What it takes for a brand to be loved and lovable

Consumers expect their love brands to motivate them towards more climate-friendly behaviour.

Illustrative stock photoIllustrative stock photo (Source: Unsplash)

Have you ever thrown out a Lego set? Most likely not. In fact, the Danish-born and world-famous blocks tend to be passed down to siblings and cousins instead of ending up in landfills.

“The blocks fit one another, so you can still play with the set owned by your grandfather and combine it with new blocks,” said Adriana Jahňáková, general manager of Lego Czech Republic and Slovakia.

This is one reason why Lego is what marketers now describe as a love brand: a brand that exerts such strong attraction on consumers that it is not only preferred over other brands, but is even loved.

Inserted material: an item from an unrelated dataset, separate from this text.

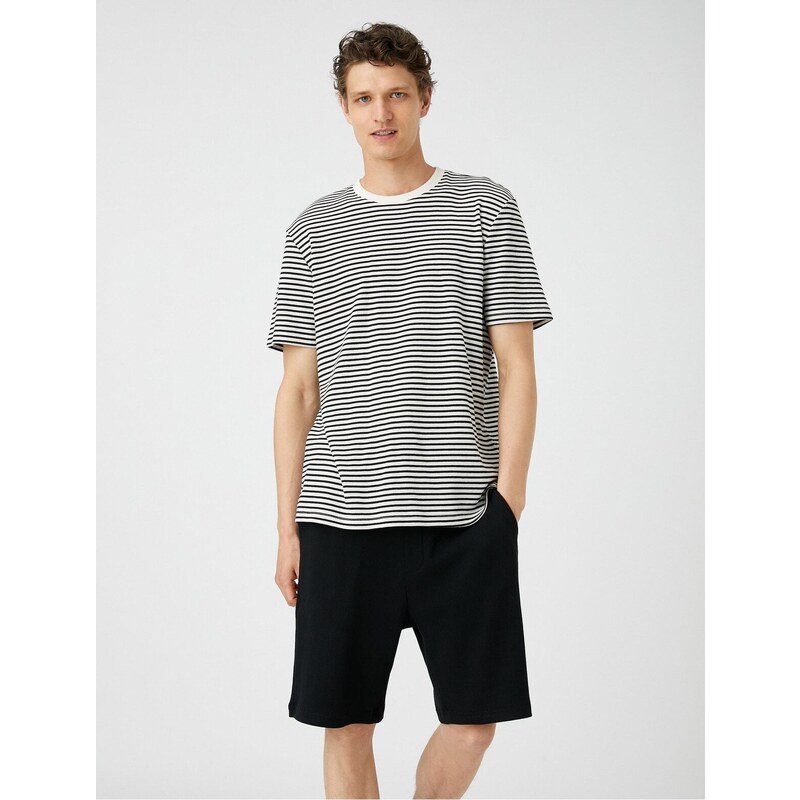 Koton Basic Bermuda Shorts with Lace-Up Waist, Pocket Detailed Slim Fit.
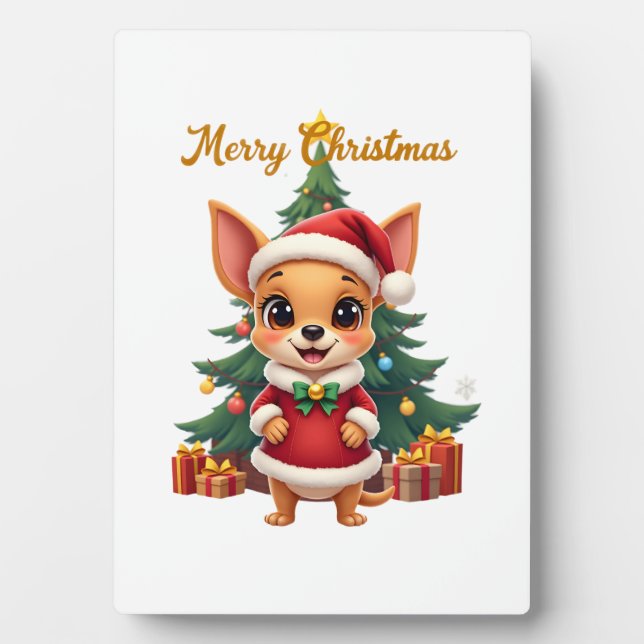 Placa Expositora Perro Chihuahua Feliz Navidad (Frente)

The word “love” in a love brand is neither a done deal nor a one-way affair. To remain loved and lovable, popular brands need to meet their customers’ expectations, especially regarding local communities and the environment, participants in a discussion focused on love brands and their social responsibility agreed. What is more, consumers seem to expect their love brands not just to behave responsibly, but to make them behave responsibly, too.

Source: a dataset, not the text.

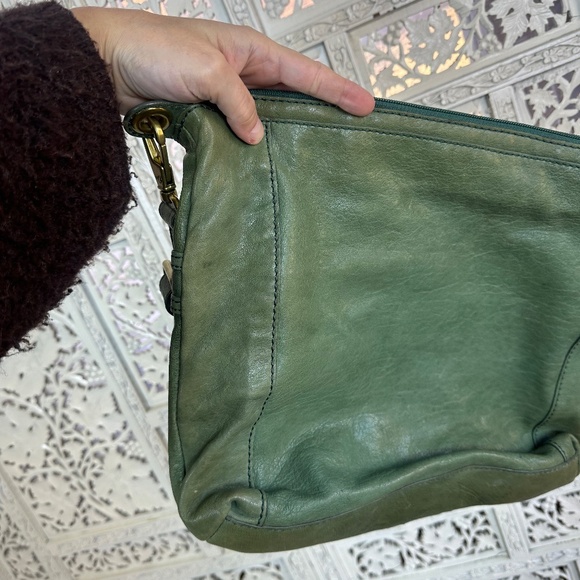 Vtg Fossil Maddox Green Lamb Hide Leather Shoulder Crossbody Bag - Picture 6 of 10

The discussion was part of the 2021 CSR Summit, organised by the Business Leaders Forum, an informal, educational and networking association of companies that have made a commitment to be leading promoters of corporate social responsibility (CSR) in Slovakia, in late October.

Customers expect a push towards responsibly

“The secret ingredient for being a love brand is our long-term vision to help improve the everyday lives of as many people as possible,” said Barbora Geršlová, country sustainability manager at Ikea Czech Republic, Hungary and Slovakia.